Post five

So, blah, I just wanted to get that out there. Blah.

Anyway, that was random, and dumb, oh well. My brain i
s like mush right now, I had to take a break from studying, I stopped absorbing three pages ago, I’ll need to go back and reread those.

Don’t get spoiled. I don’t know what’s been up the last couple of days, I’ve just had things to talk about, it won’t last much longer, I’m usually just like “meh.” And that’s it. But, it’s fun to have things to say, I feel a little ditzy rambling on, but this way I’ll be able to go back later and be like, “ha ha what was I thinking??”

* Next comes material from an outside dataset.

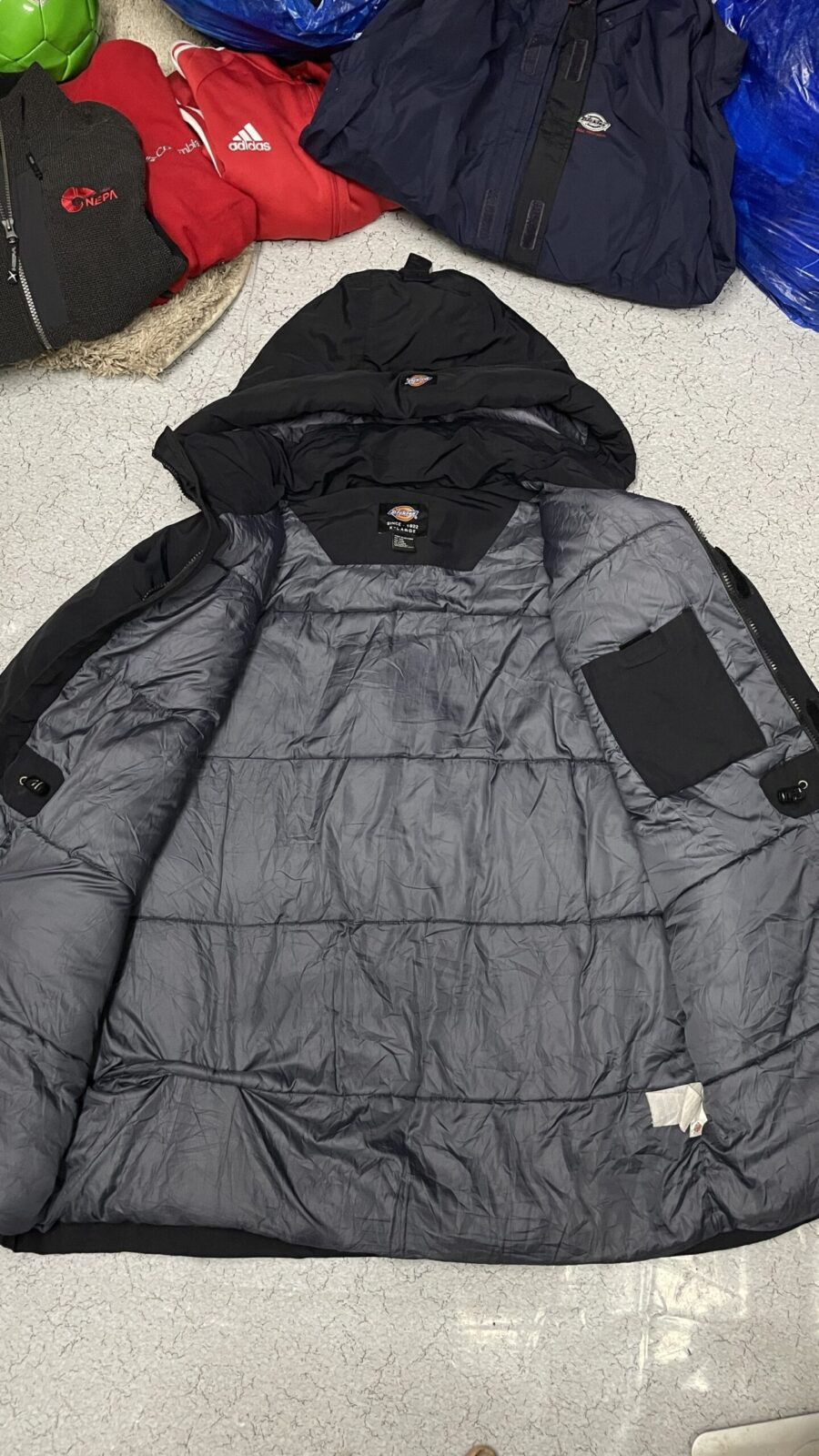 Dickies Winter Parka Hooded Heavy Warm Workwear Jacket Black XL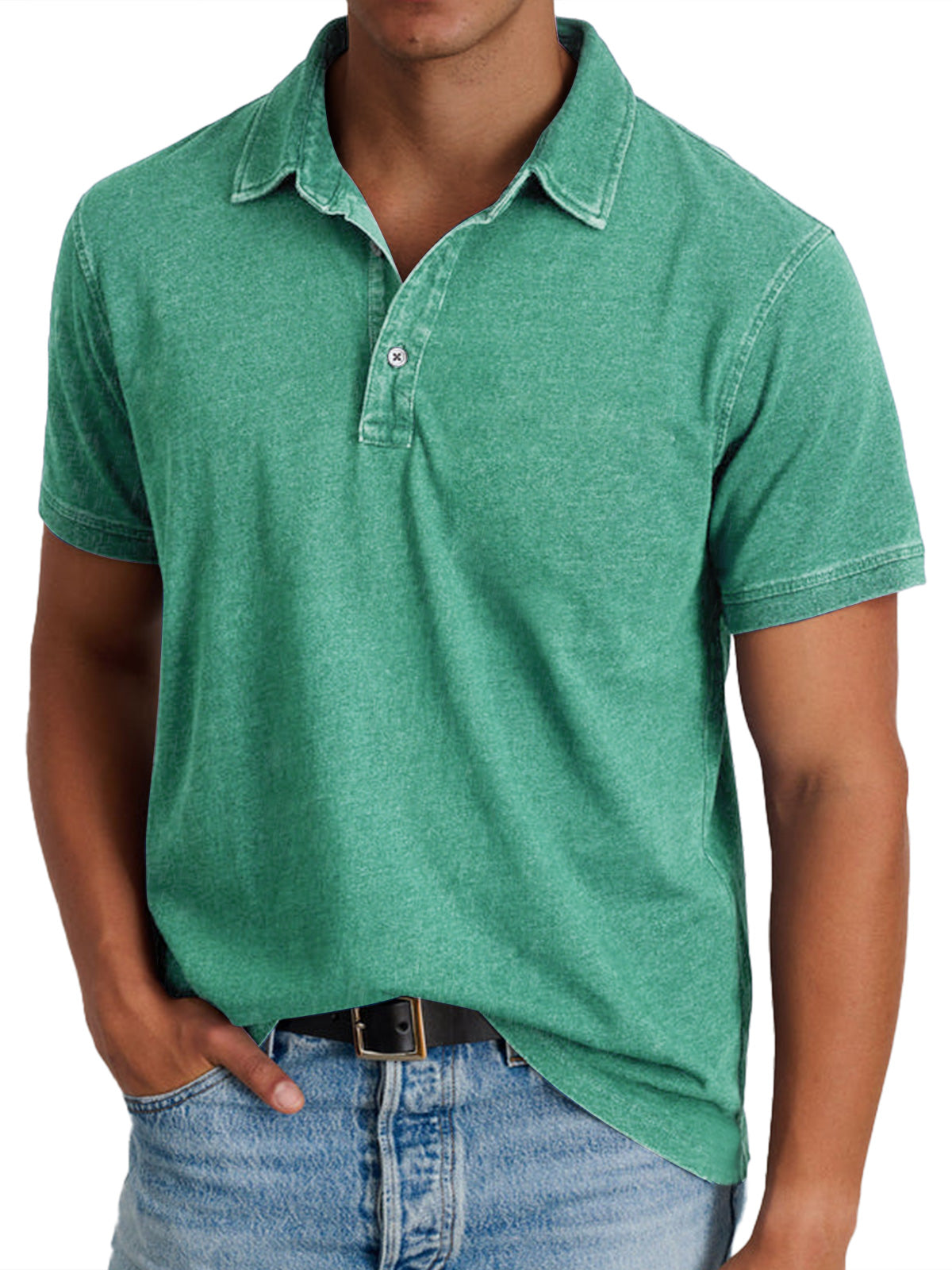 Polo con cuello estructurado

Anyway, I think I start 95% of my paragraphs with the word anyway. But, ******, lets continue. (ha! You see that? I stopped myself. Not really, I just transformed it into a bad word. lol) On to the subject, so I’ve been giving it some thought recently and I think I’m going to go back on one of my cleanses. I go on them when I think my system is clogged, I basically become vegetarian, I think I’m going to start tomorrow. But, I think this time, I’m going to stay one, I read this article that was on peta2, and it hurt my heart. I can’t find the link again, I just looked, I think I must have stumbled upon it earlier. Anyway, it didn’t really get to me until I read this part that said animals can feel fear. And, I put myself in their shoes, and it was so strong and vivid that I actually cried. So, yeah, I think this sick love affair I had with meat is over. I could never be vegan thou, I have tried, and those people have some kind of insanely strong will power, I need my flavor, and vegans just learn to do without.

I told everyone on my second post that I was going to discuss my OC idea, and I promise I will, tomorrow. I’m feeling like I really need to get back to studying. So, see you tomorrow.